◆ Goal of the exercise
Pictures must not appear in the copy. Set down exactly the line with "Inspecting each lighted" and each line after it through the end of the data below.
BEGIN Recorded data
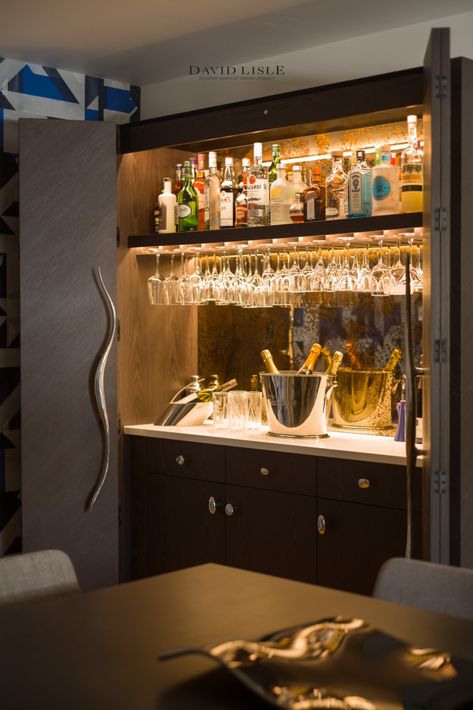 The rich flamed oak of this bar has been angled alternately between panels, giving a chevroned detail that adds subtle character to the piece, whilst overall remaining understated in the dining room. The eye-catching fluid cast aluminum handles and bespoke gold on bronzed mirror backsplash complement the ebonised tones in the wood for a classic, industrial feel. Mirror Wall Bar Design, Bar With Mirror Backsplash And Lighting, Mirror Bar Shelves, Home Bars With Mirrors, Bar Mirror Backsplash, Mirror Wall Bar, Bar With Mirror Backsplash, Bar With Mirror, Mirrored Bar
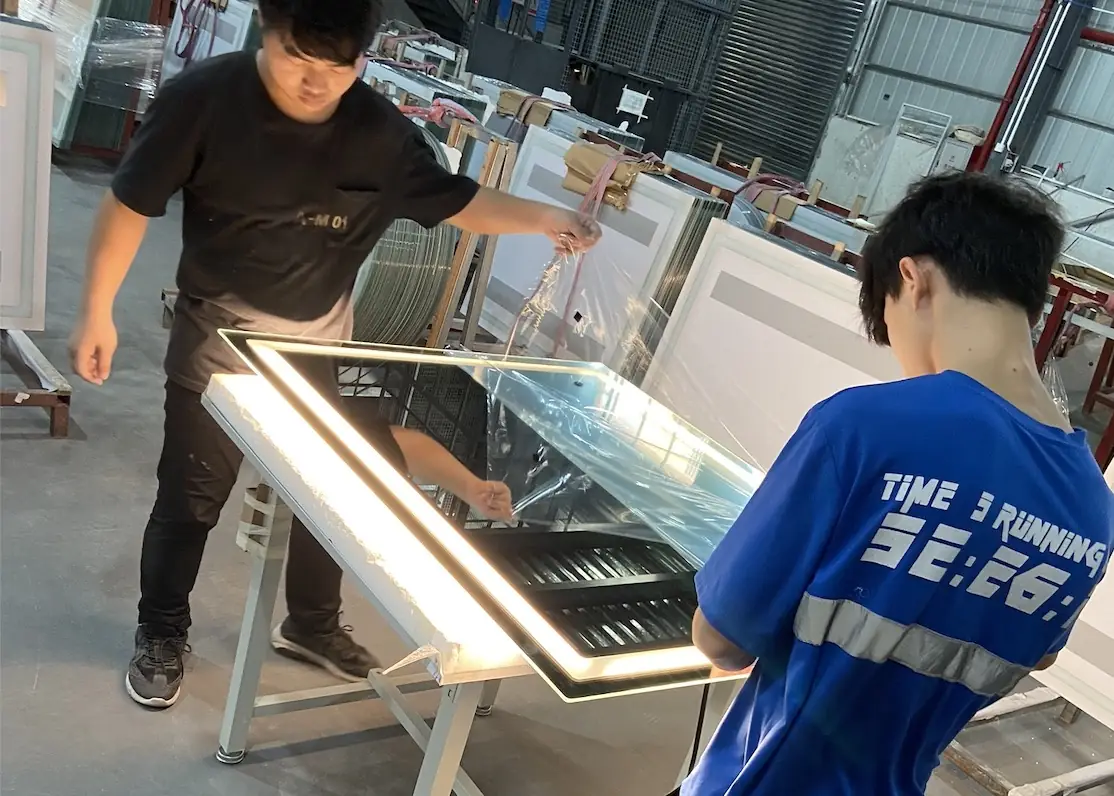 Inspecting each lighted mirror before assembly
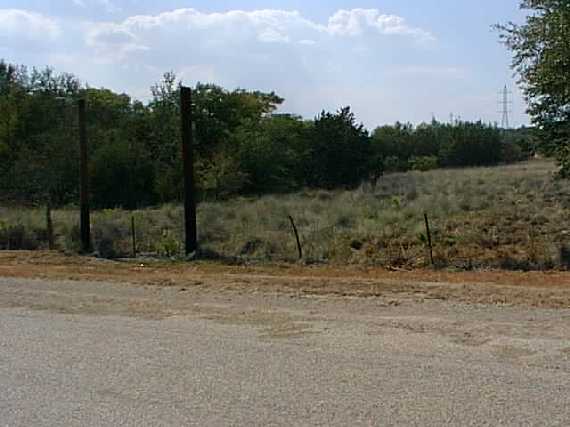 The confluence is through those trees (bushes??)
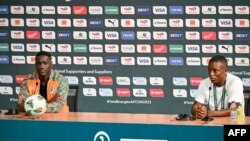 Ivory Coast's coach Emerse Fae and forward Max-Alain Gradel attend a press conference at the Palais de la Culture in Abidjan on February 6, 2024, on the eve of the 2023 Africa Cup of Nations semi-final against DRC.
END Recorded data
◆ Worked solution
 Inspecting each lighted mirror before assembly
 The confluence is through those trees (bushes??)
 Ivory Coast's coach Emerse Fae and forward Max-Alain Gradel attend a press conference at the Palais de la Culture in Abidjan on February 6, 2024, on the eve of the 2023 Africa Cup of Nations semi-final against DRC.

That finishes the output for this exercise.